PROMPT: Nothing but the records themselves, exactly as written, should appear in the reply; leave out the pictures.

DATA TO PROCESS:
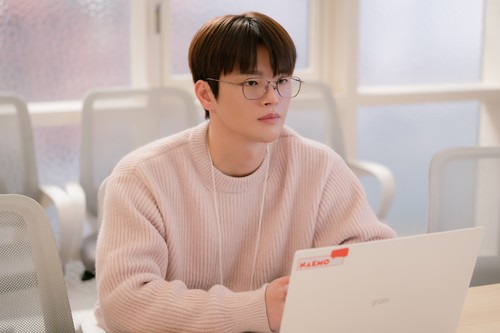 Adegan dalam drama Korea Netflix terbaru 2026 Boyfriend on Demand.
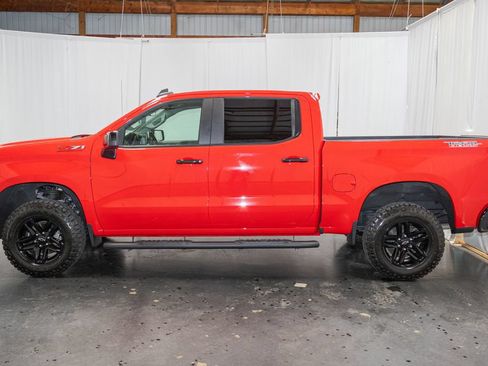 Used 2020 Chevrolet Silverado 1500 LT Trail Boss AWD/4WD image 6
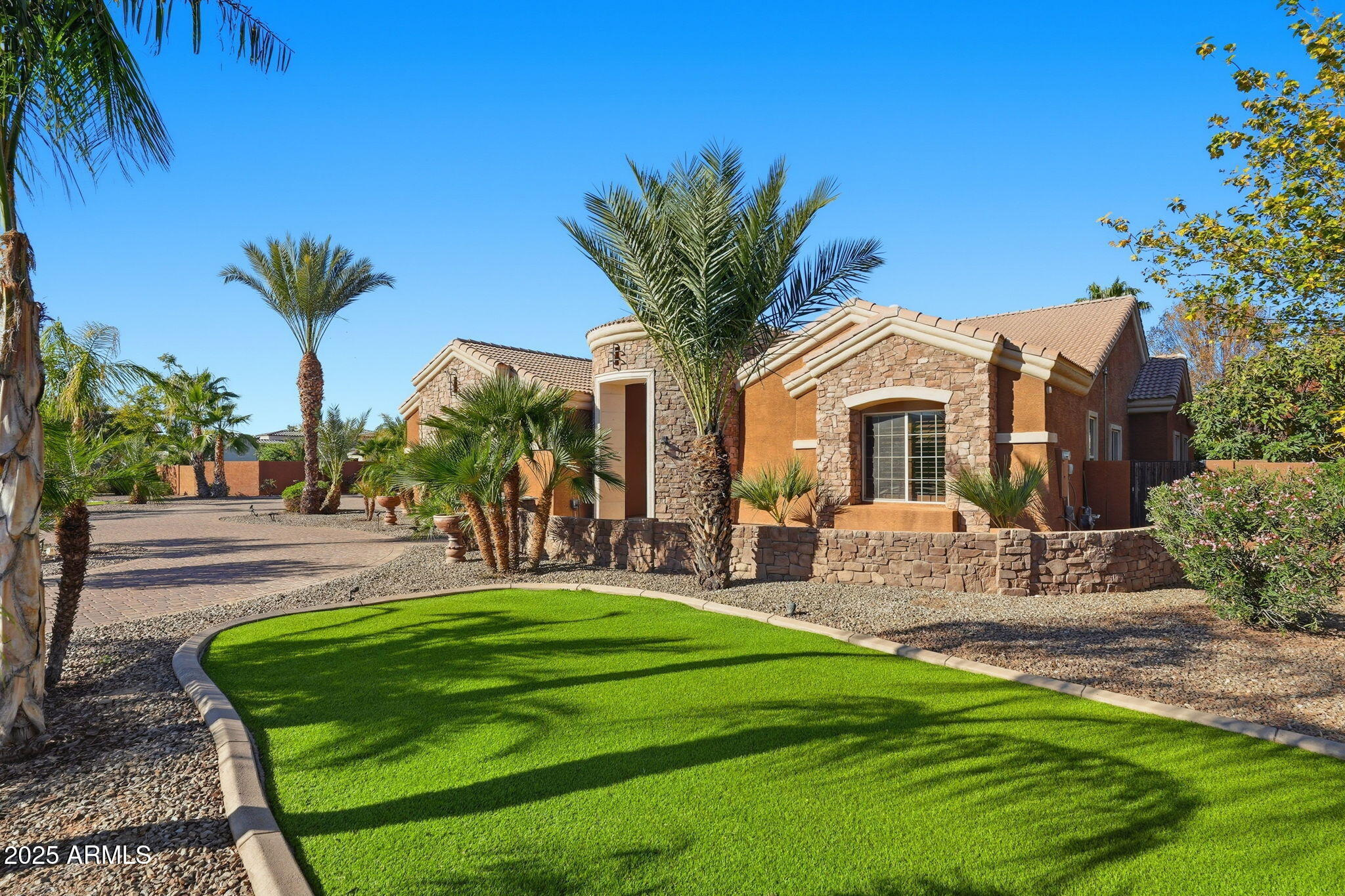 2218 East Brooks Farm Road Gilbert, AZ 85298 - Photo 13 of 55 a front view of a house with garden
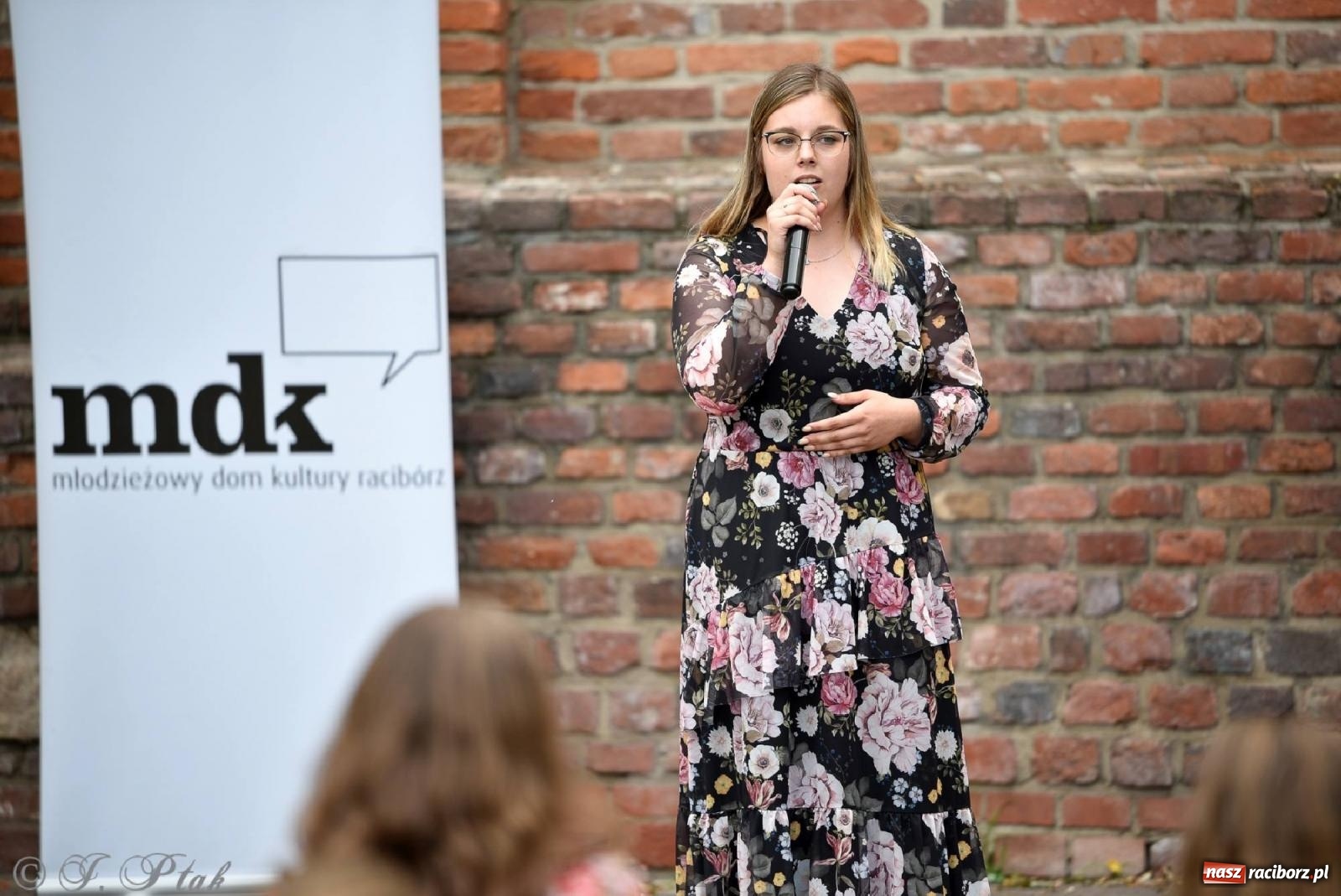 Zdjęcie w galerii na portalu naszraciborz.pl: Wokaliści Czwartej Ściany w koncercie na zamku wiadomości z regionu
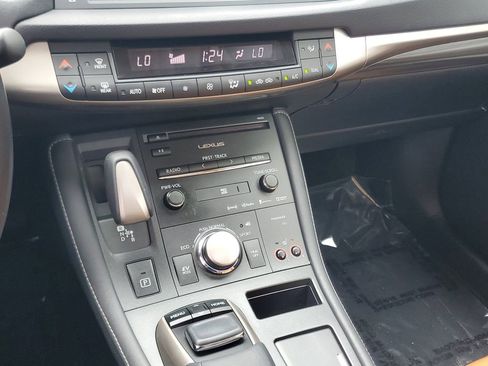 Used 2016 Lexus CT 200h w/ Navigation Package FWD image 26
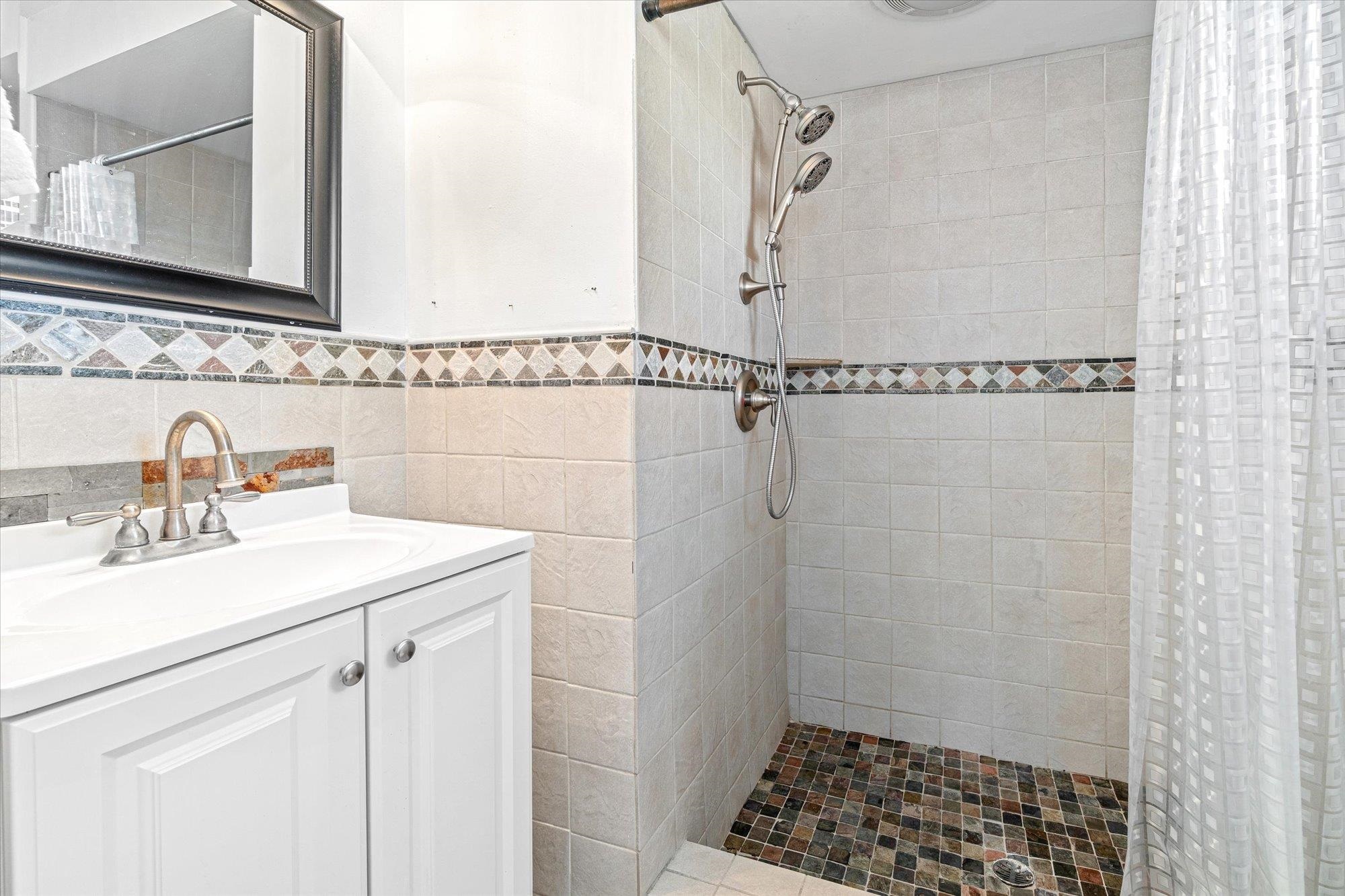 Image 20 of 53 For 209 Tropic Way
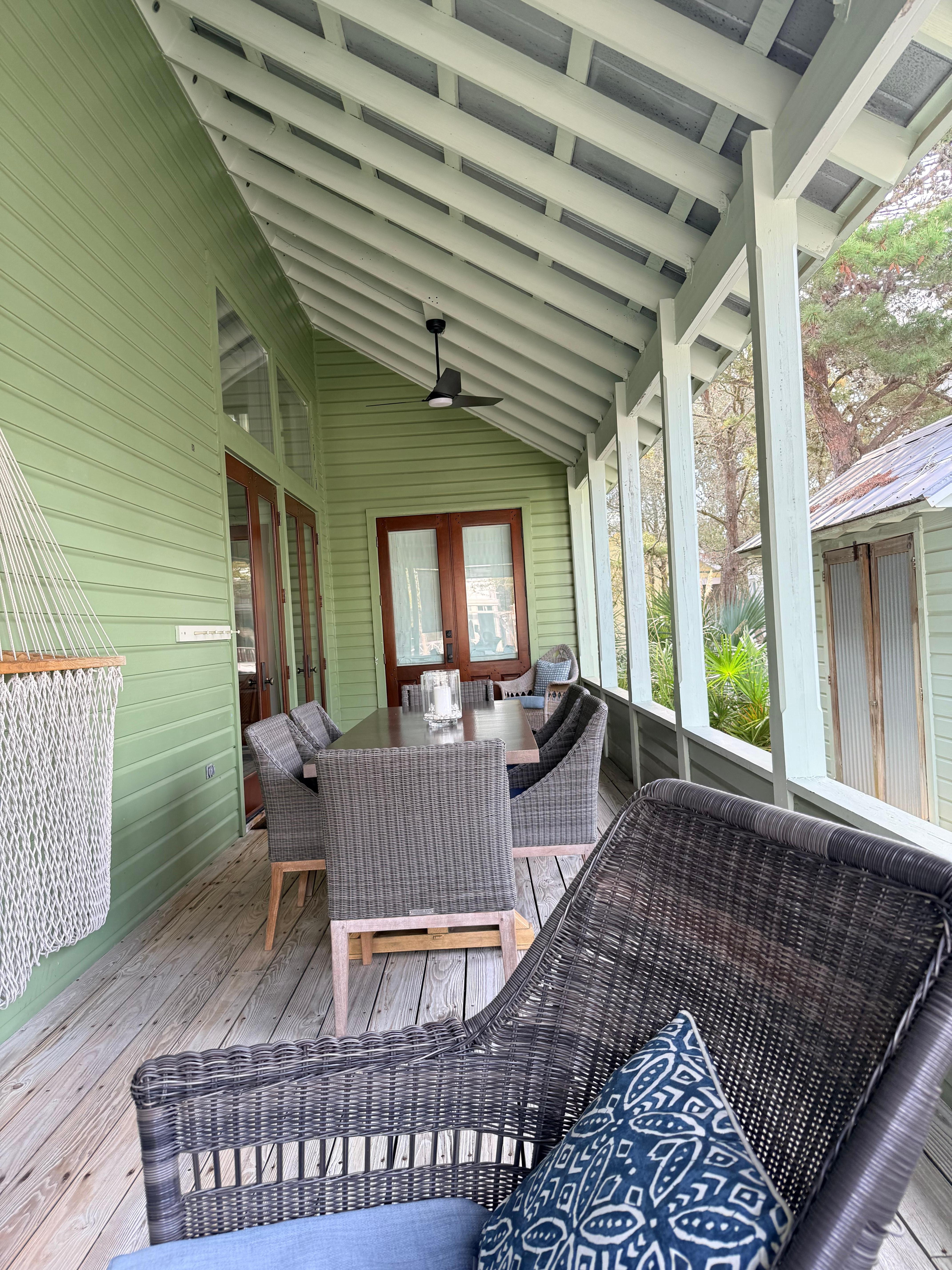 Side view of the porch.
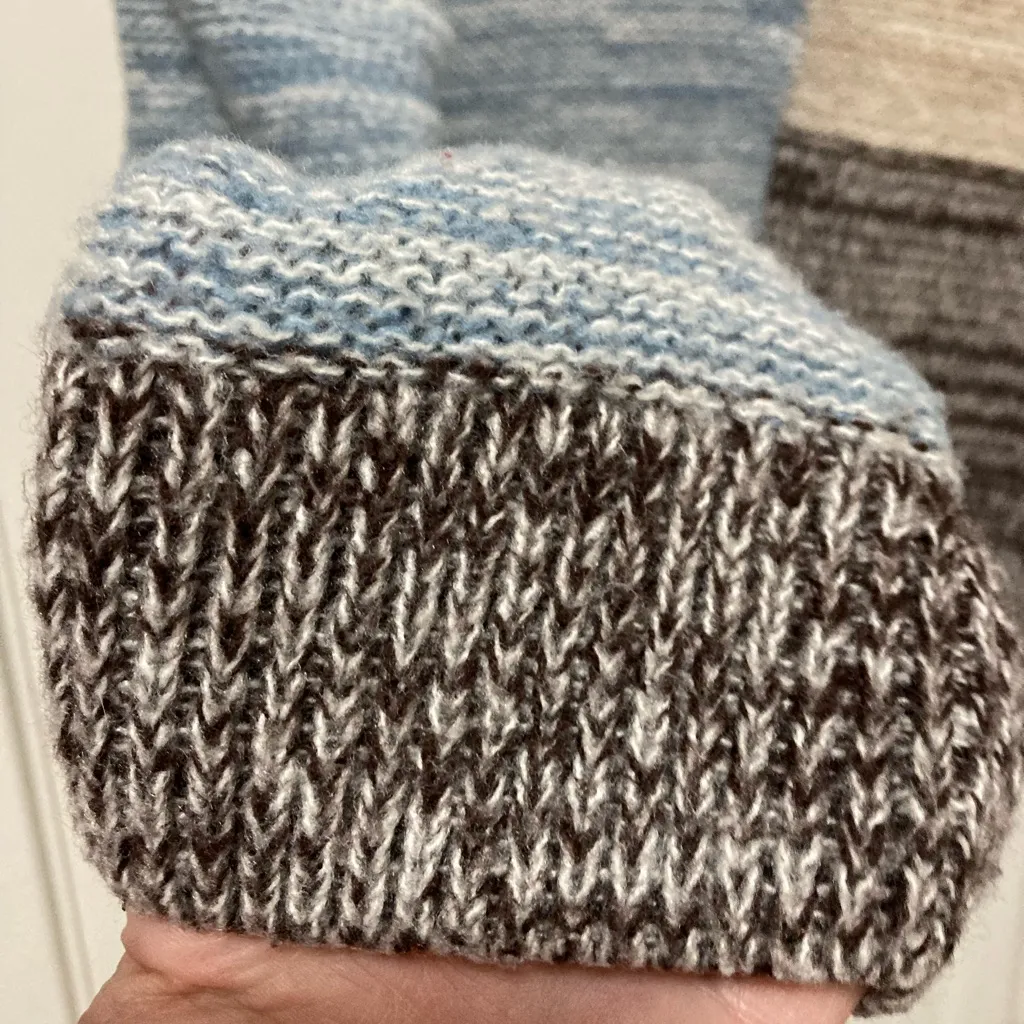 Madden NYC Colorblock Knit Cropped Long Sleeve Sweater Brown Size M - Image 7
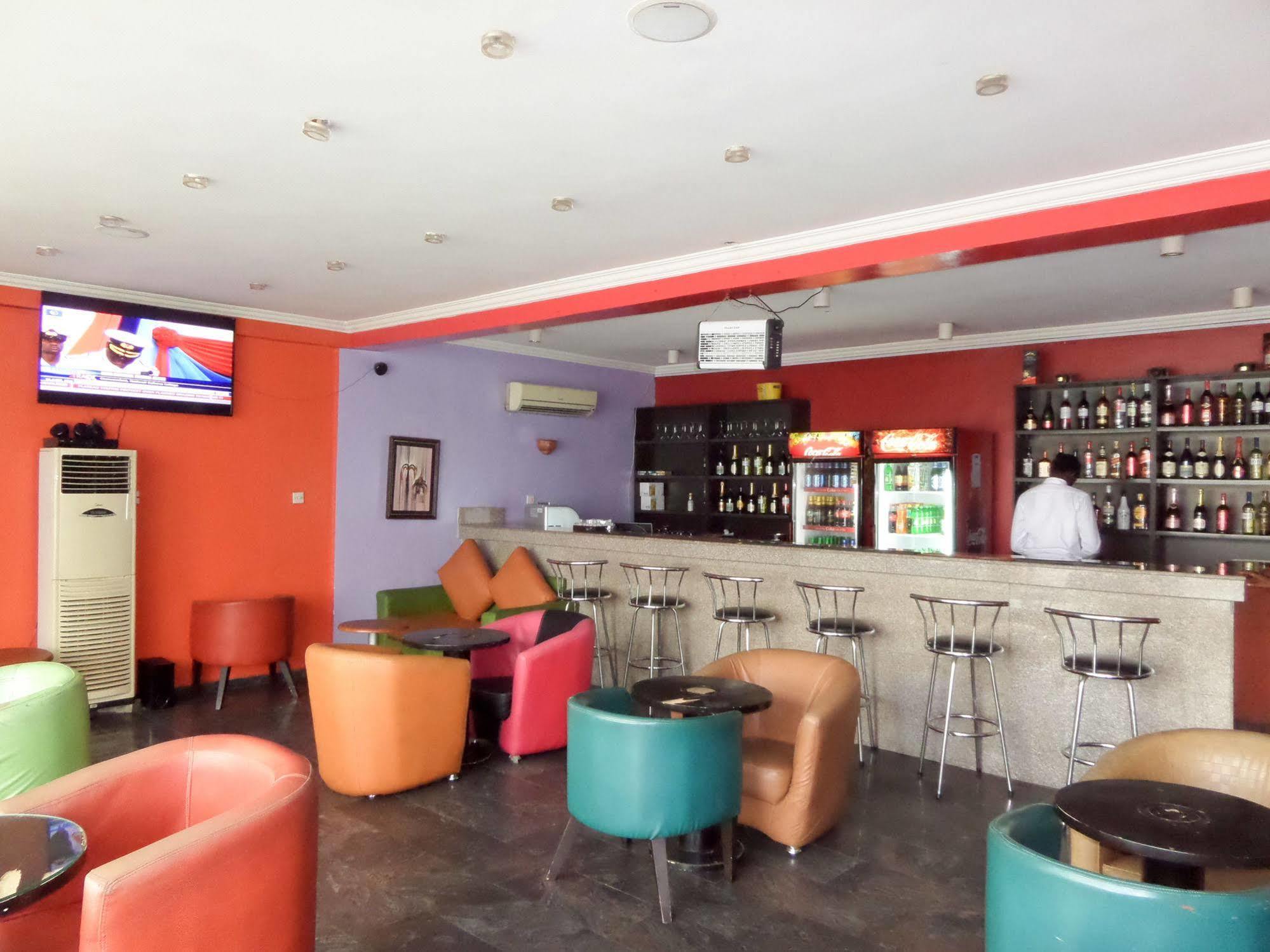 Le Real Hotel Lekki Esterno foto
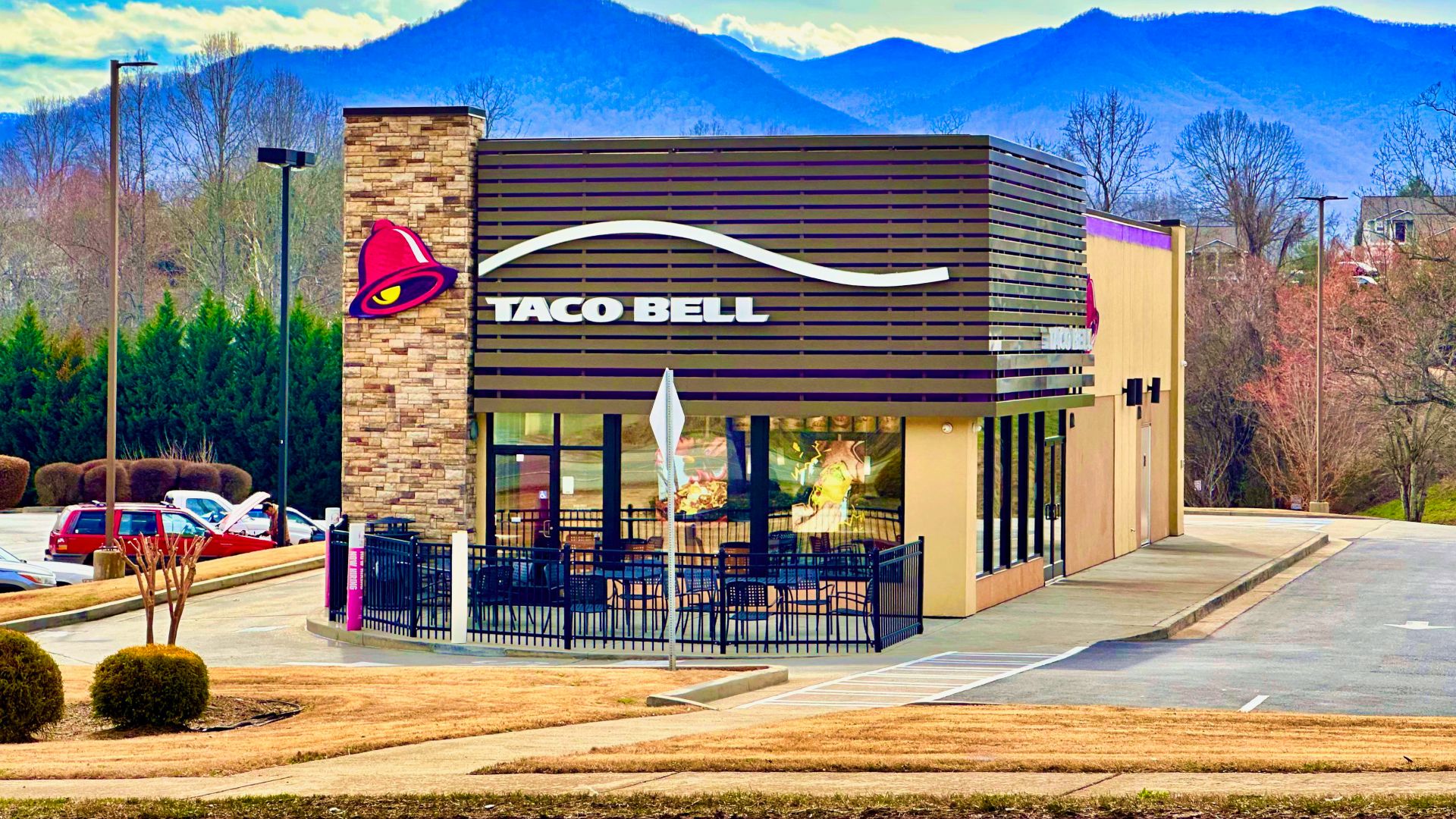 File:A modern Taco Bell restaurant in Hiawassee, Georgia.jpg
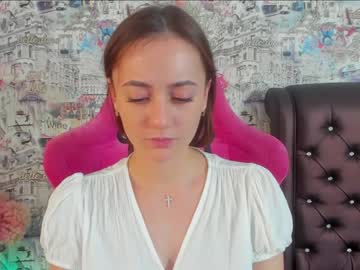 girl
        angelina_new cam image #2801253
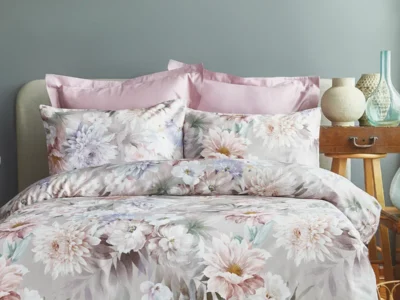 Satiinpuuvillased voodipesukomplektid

ANSWER SPACE:
 Adegan dalam drama Korea Netflix terbaru 2026 Boyfriend on Demand.
 Used 2020 Chevrolet Silverado 1500 LT Trail Boss AWD/4WD image 6
 2218 East Brooks Farm Road Gilbert, AZ 85298 - Photo 13 of 55 a front view of a house with garden
 Zdjęcie w galerii na portalu naszraciborz.pl: Wokaliści Czwartej Ściany w koncercie na zamku wiadomości z regionu
 Used 2016 Lexus CT 200h w/ Navigation Package FWD image 26
 Image 20 of 53 For 209 Tropic Way
 Side view of the porch.
 Madden NYC Colorblock Knit Cropped Long Sleeve Sweater Brown Size M - Image 7
 Le Real Hotel Lekki Esterno foto
 File:A modern Taco Bell restaurant in Hiawassee, Georgia.jpg
 girl
        angelina_new cam image #2801253
 Satiinpuuvillased voodipesukomplektid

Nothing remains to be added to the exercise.